Please write out all of the data below exactly, without including the pictures.
....
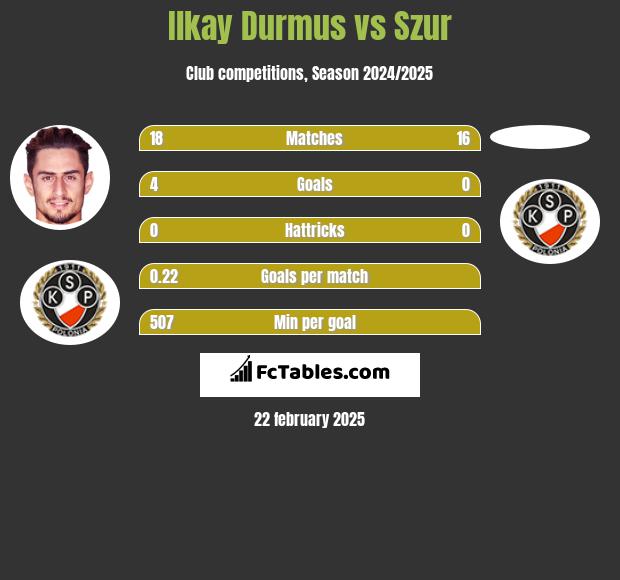 Ilkay Durmus vs Szur h2h player stats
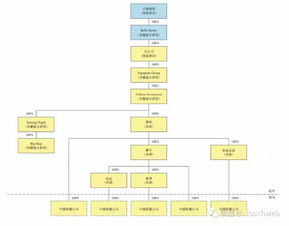 滔博体育和百丽的从属关系是怎样？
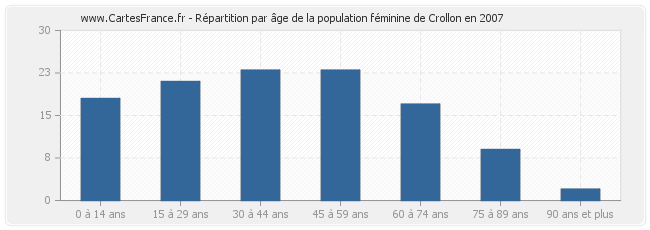 Répartition par âge de la population féminine de Crollon en 2007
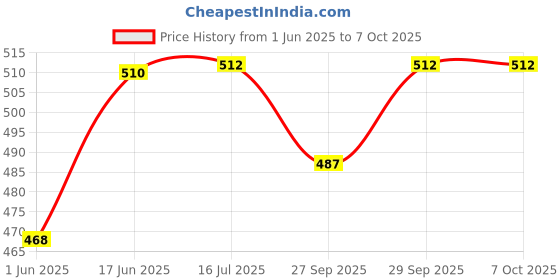 flipkart.com amtech controls TYN 6025 Compar TO TYN 616 (PACK OF 5) FET Transistor amtech controls Price History Graph from 1 Jun 2025 to 5 Oct 2025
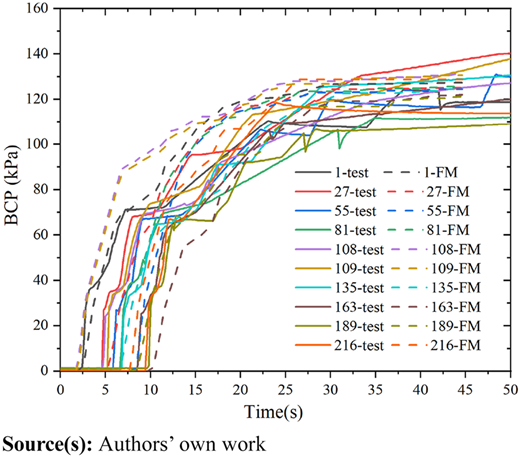Comparison of fluid model results with test data Refer to the image caption for details.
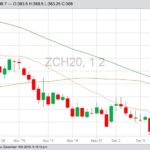 CBOT March 2020 corn with 20-, 50- and 100-day moving averages. (Barchart)
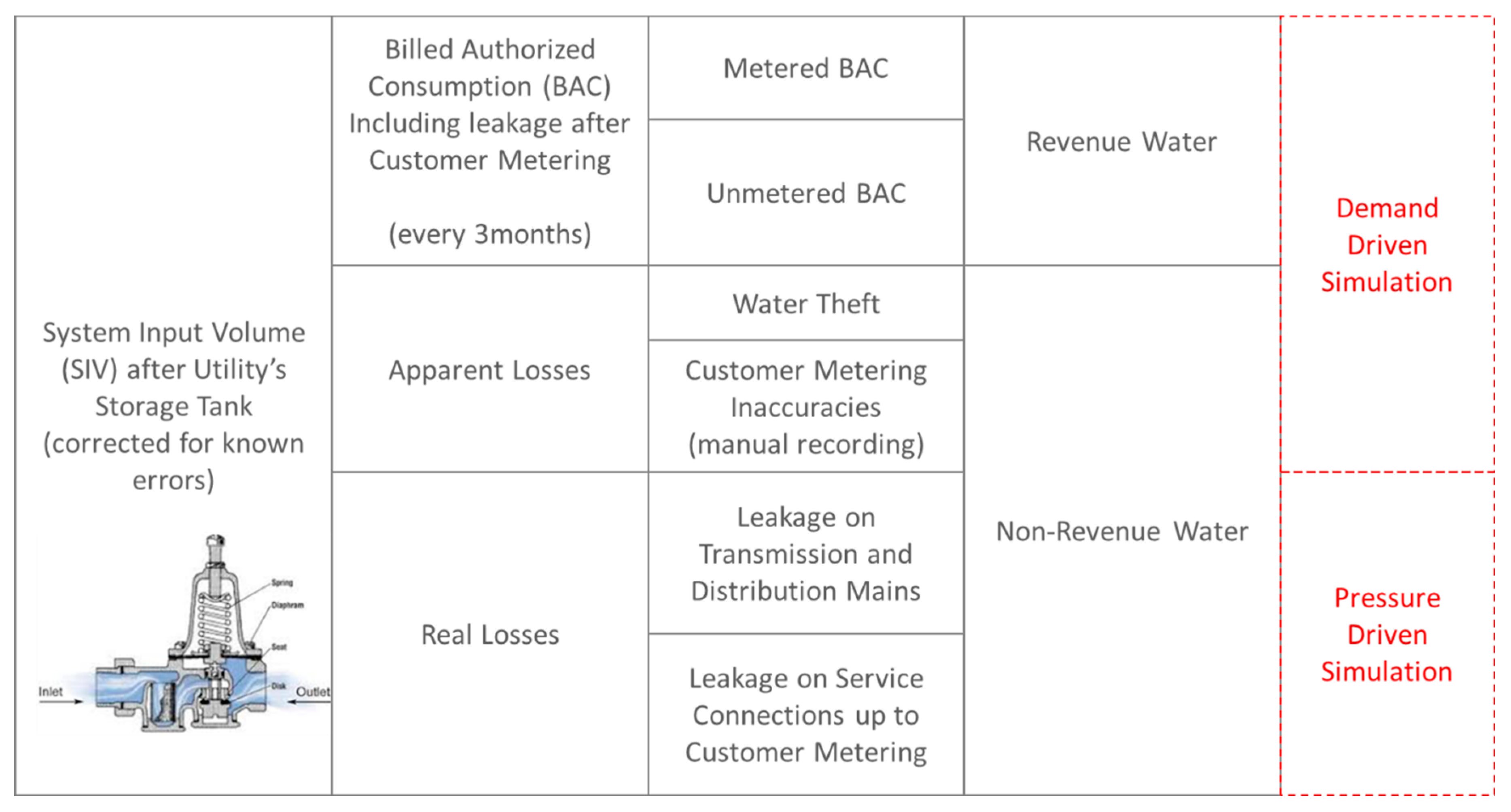 Water 12 01149 g006 Water 12 01149 g006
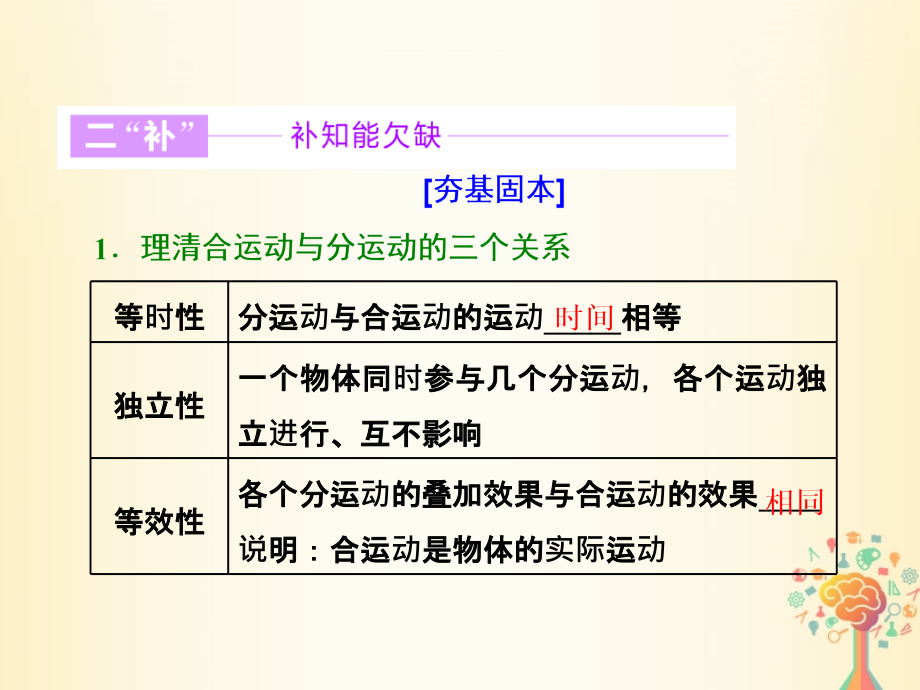 2018届高考物理二轮复习专题一力与运动第三讲力与曲线运动课件_第4页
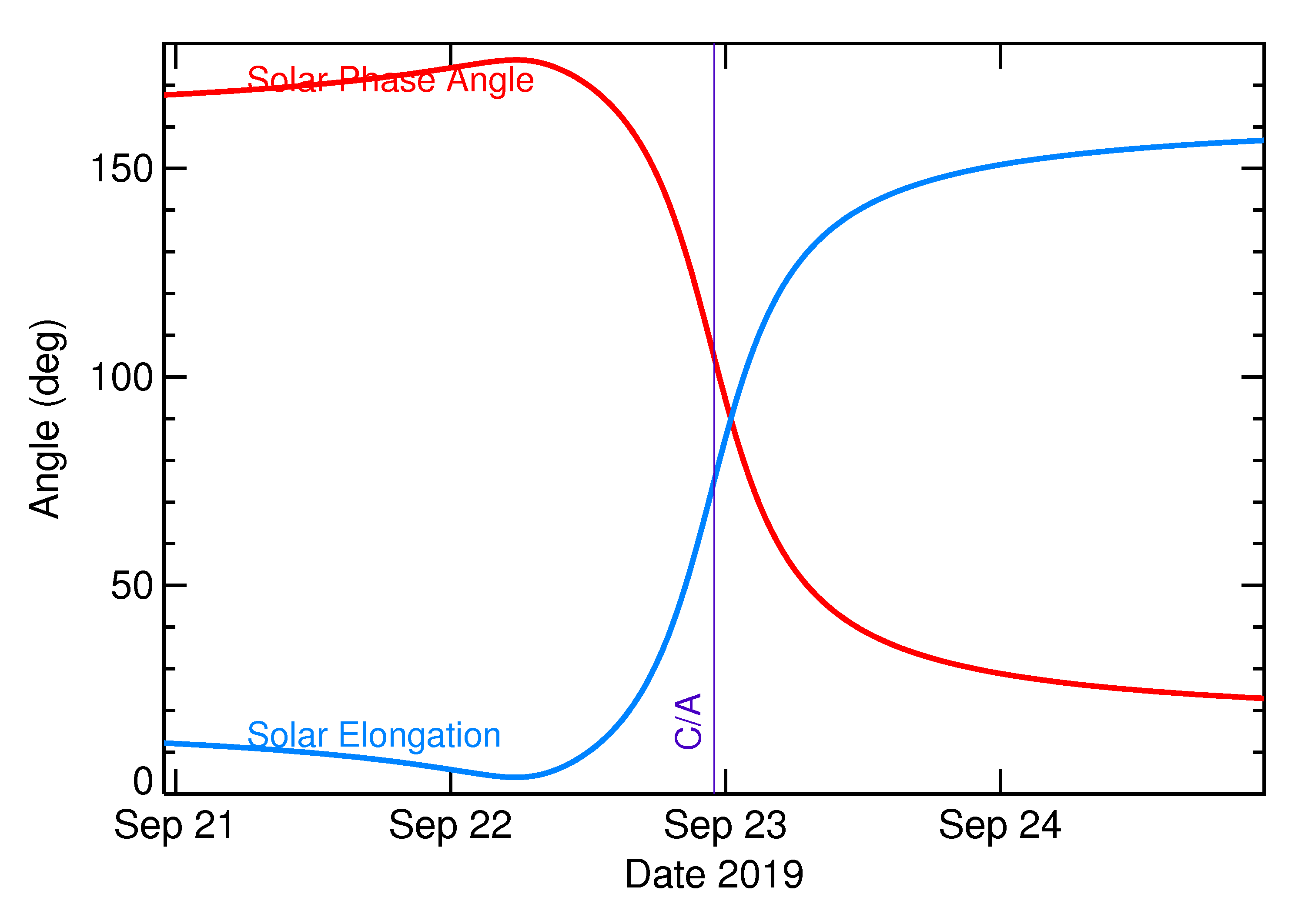 Solar Elongation and Solar Phase Angle of 2019 SS3 in the days around closest approach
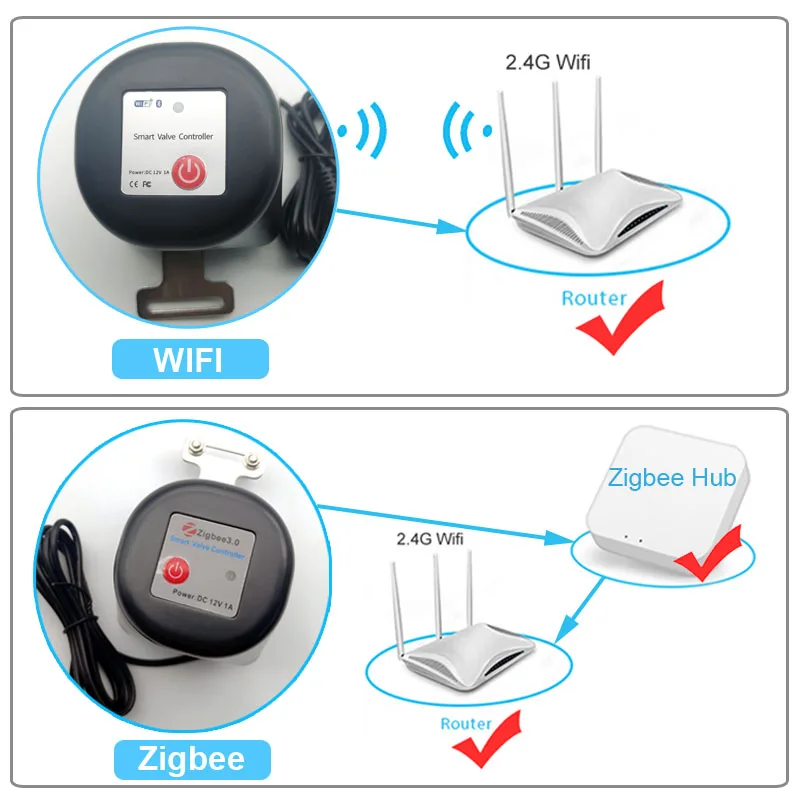 Smart WiFi Water Valve Zigbee  - Smart Garden Timer ulasan dan harga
....
◆ Your response:
 Ilkay Durmus vs Szur h2h player stats
 滔博体育和百丽的从属关系是怎样？
 Répartition par âge de la population féminine de Crollon en 2007
 flipkart.com amtech controls TYN 6025 Compar TO TYN 616 (PACK OF 5) FET Transistor amtech controls Price History Graph from 1 Jun 2025 to 5 Oct 2025
Comparison of fluid model results with test data Refer to the image caption for details.
 CBOT March 2020 corn with 20-, 50- and 100-day moving averages. (Barchart)
 Water 12 01149 g006 Water 12 01149 g006
 2018届高考物理二轮复习专题一力与运动第三讲力与曲线运动课件_第4页
 Solar Elongation and Solar Phase Angle of 2019 SS3 in the days around closest approach
 Smart WiFi Water Valve Zigbee  - Smart Garden Timer ulasan dan harga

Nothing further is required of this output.